• Records
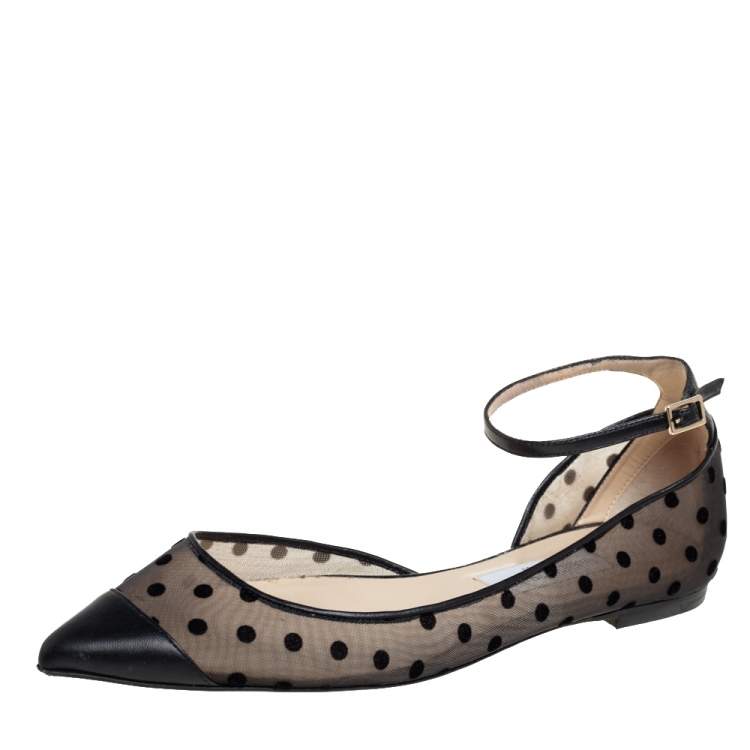 Pre Owned Jimmy Choo Black Leather and Mesh Polka Dot Lucy Ballet Flats Size 40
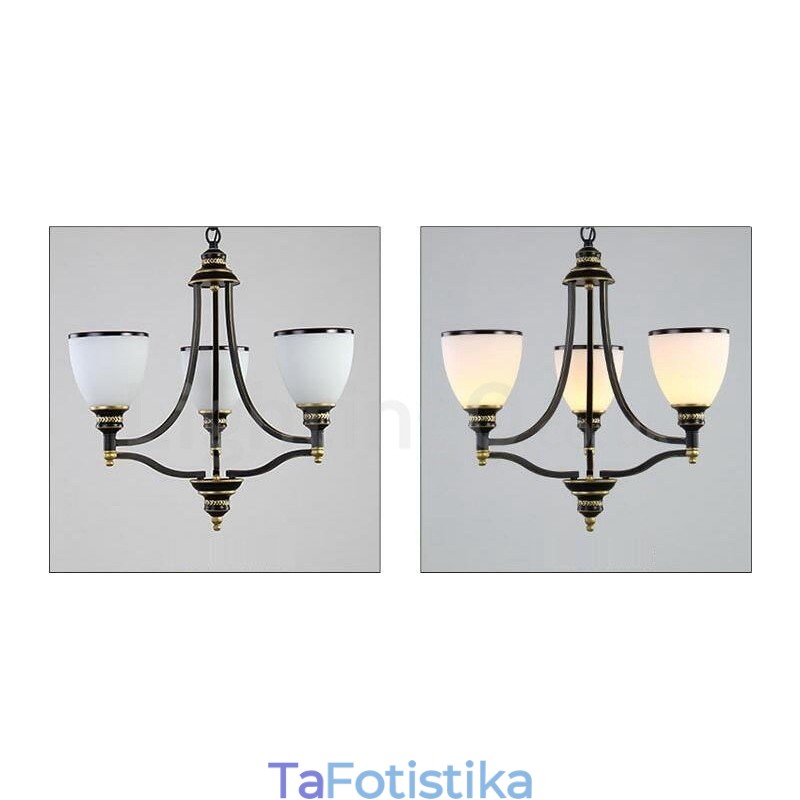 Ενσωματωμένος μεταλλικός πολυέλαιος 3 Light Rustic Lodge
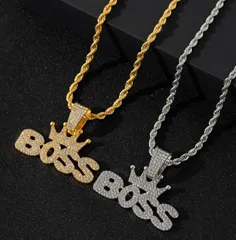 クラウン×アルファベット 満ダイヤ風 ペンダントネックレス｜ゴールドカラー｜HIPHOP メンズ 合金 派手アクセ ｜麻花チェーン（ツイスト）bu1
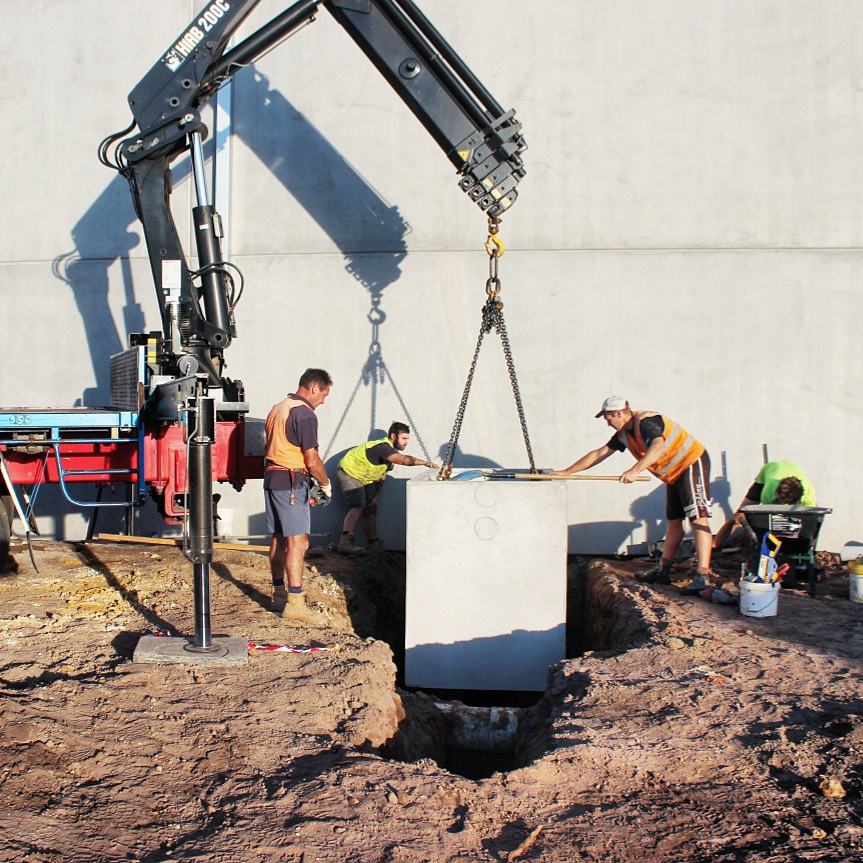 svc_products's tweet photo. Straight off the truck and into the ground! Gotta π the convenience of crane truck delivery π #precastconcrete #concretepits #madebysvc https://t.co/kCTUj6Enom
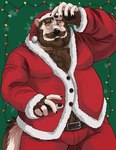 anthro beard belly black_nose bottomwear brown_body brown_fur bulge christmas_clothing christmas_headwear clothing eyewear facial_hair fur glasses hat headgear headwear holidays male mature_male mustache overweight overweight_male pants santa_hat solo naikuma christmas santa_claus bear mammal 2021 absurd_res hi_res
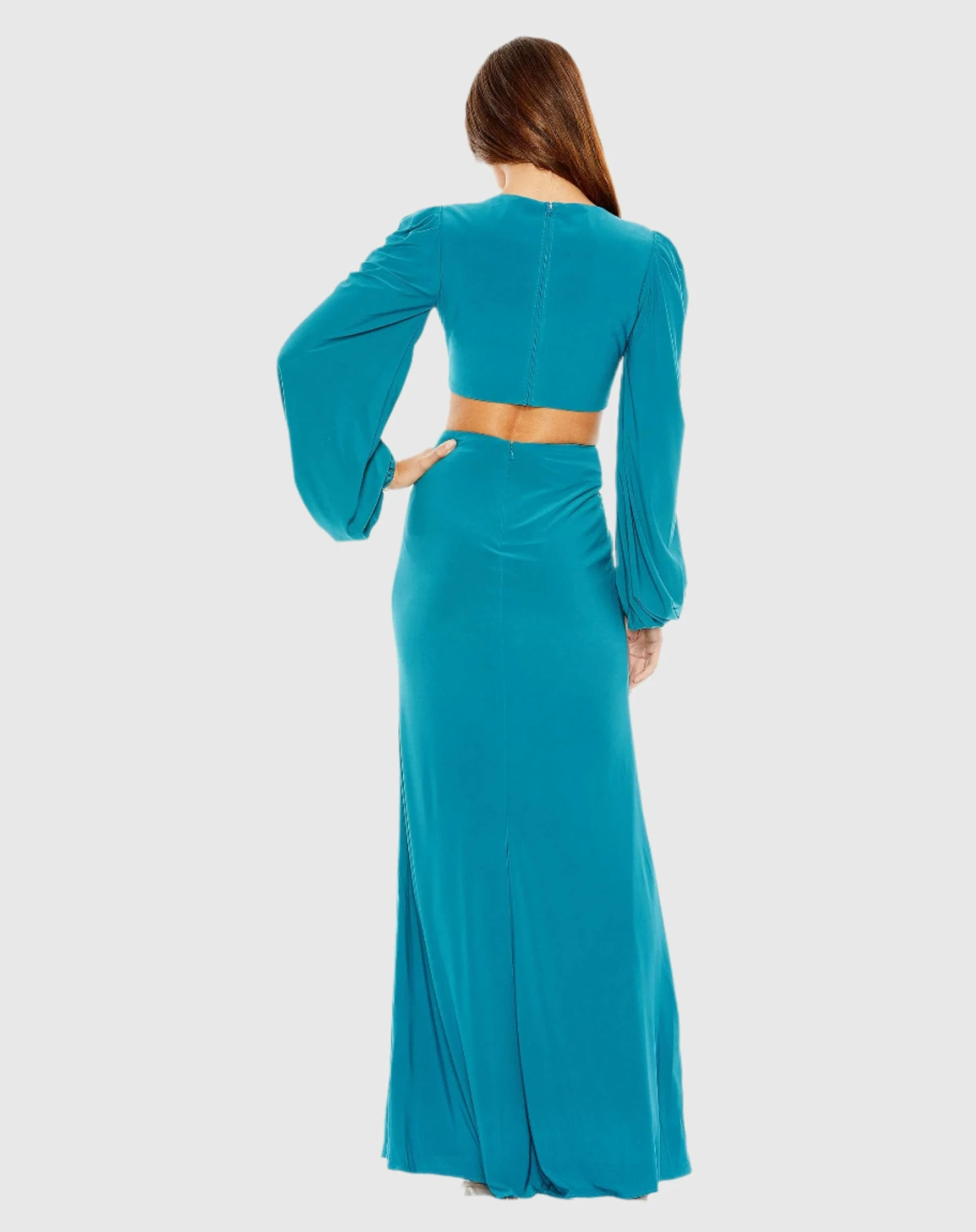Jersey Puff Sleeve Cut Out Column Gown 2 Jersey Puff Sleeve Cut Out Column Gown - Image 2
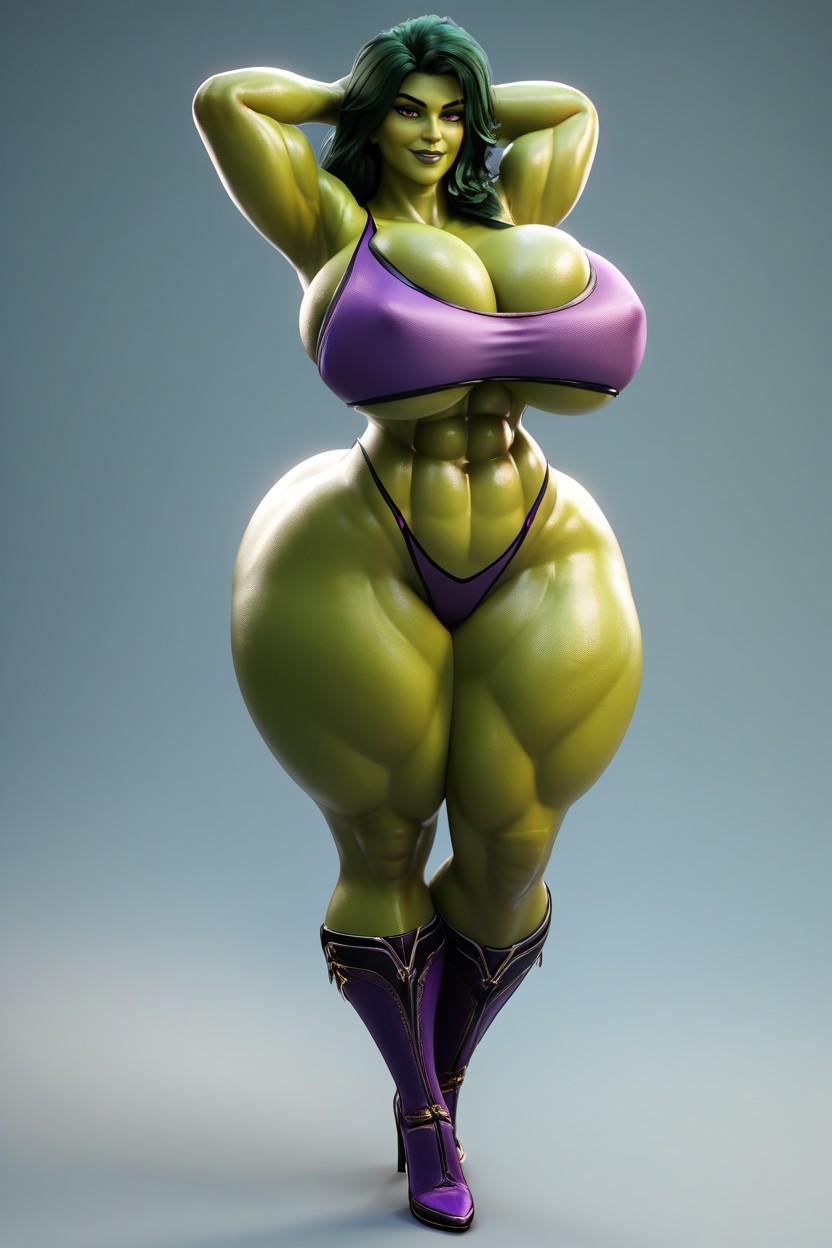 Perfect Eyes, Front View, Extremely Wide Hips MILF AI Porn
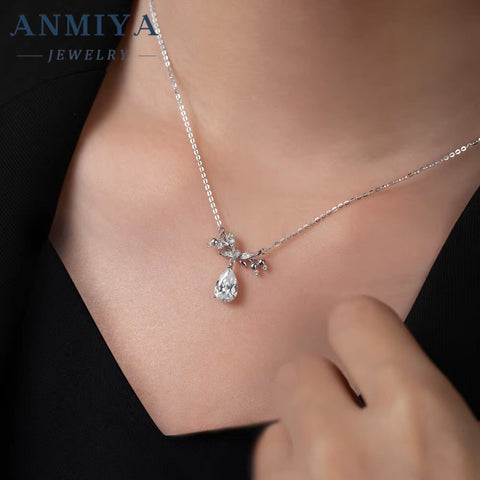 ANMIYA Jewelry S925 Silver Water Drop round Zircon Necklace Women'S Bow Pendant Full Diamond High End Light Luxury Jewelry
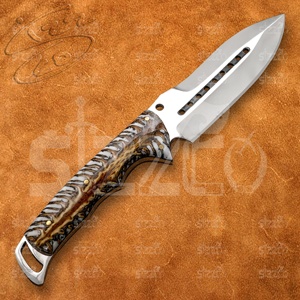 Couteau de chasse et de camping artisanal sur mesure, lame Drop Point, manche en forme de cône de pin, acier D2, couteau utilitaire OEM EDC avec étui en cuir - Product Image 3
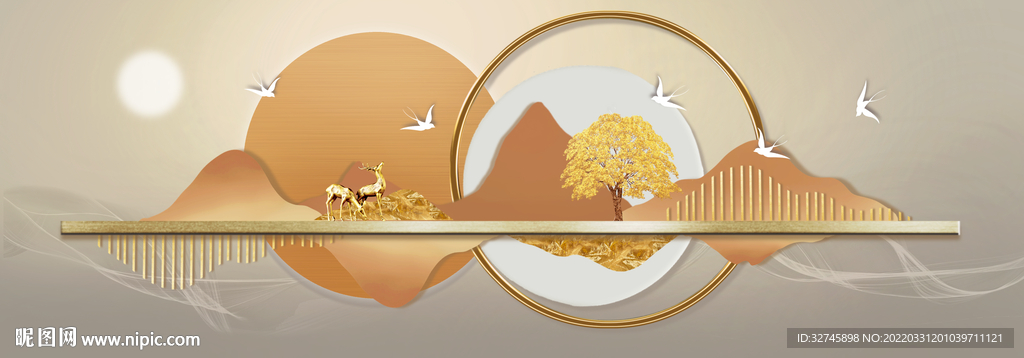 麋鹿金色山水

• The problem
Please set down the data above exactly as given, leaving every picture out.

• Written response
 Pre Owned Jimmy Choo Black Leather and Mesh Polka Dot Lucy Ballet Flats Size 40
 Ενσωματωμένος μεταλλικός πολυέλαιος 3 Light Rustic Lodge
 クラウン×アルファベット 満ダイヤ風 ペンダントネックレス｜ゴールドカラー｜HIPHOP メンズ 合金 派手アクセ ｜麻花チェーン（ツイスト）bu1
 svc_products's tweet photo. Straight off the truck and into the ground! Gotta π the convenience of crane truck delivery π #precastconcrete #concretepits #madebysvc https://t.co/kCTUj6Enom
 anthro beard belly black_nose bottomwear brown_body brown_fur bulge christmas_clothing christmas_headwear clothing eyewear facial_hair fur glasses hat headgear headwear holidays male mature_male mustache overweight overweight_male pants santa_hat solo naikuma christmas santa_claus bear mammal 2021 absurd_res hi_res
Jersey Puff Sleeve Cut Out Column Gown 2 Jersey Puff Sleeve Cut Out Column Gown - Image 2
 Perfect Eyes, Front View, Extremely Wide Hips MILF AI Porn
 ANMIYA Jewelry S925 Silver Water Drop round Zircon Necklace Women'S Bow Pendant Full Diamond High End Light Luxury Jewelry
 Couteau de chasse et de camping artisanal sur mesure, lame Drop Point, manche en forme de cône de pin, acier D2, couteau utilitaire OEM EDC avec étui en cuir - Product Image 3
 麋鹿金色山水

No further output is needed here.